*Task instructions:*
Repeat exactly, and only, the lines from the line bearing "Uhren für Damen, modische" through the end of the material. Do not copy the pictures.

*Input data:*
..............................

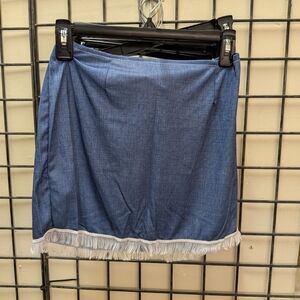 New Women's S/M Blue Mini Skirt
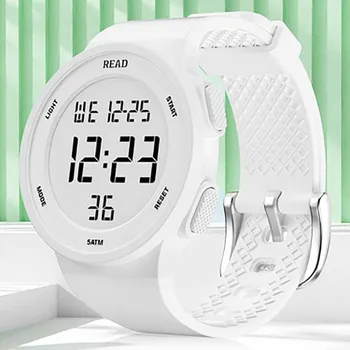 Uhren für Damen, modische Uhr mit hochauflösendem LED-Definition-Display, wasserdichte multifunktionale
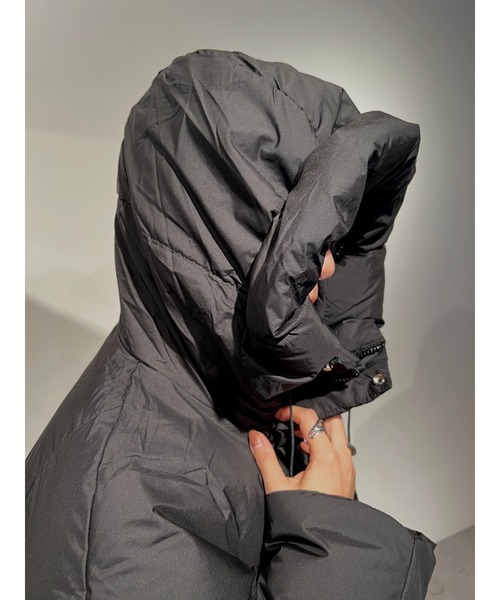 Solace（ソレイス）の「フード付き中綿パフブルゾン（ダウンジャケット/コート・レディース・ブラック/ブラウン・FREE）」の18枚目の写真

..............................

*Solution to this problem:*
 Uhren für Damen, modische Uhr mit hochauflösendem LED-Definition-Display, wasserdichte multifunktionale
 Solace（ソレイス）の「フード付き中綿パフブルゾン（ダウンジャケット/コート・レディース・ブラック/ブラウン・FREE）」の18枚目の写真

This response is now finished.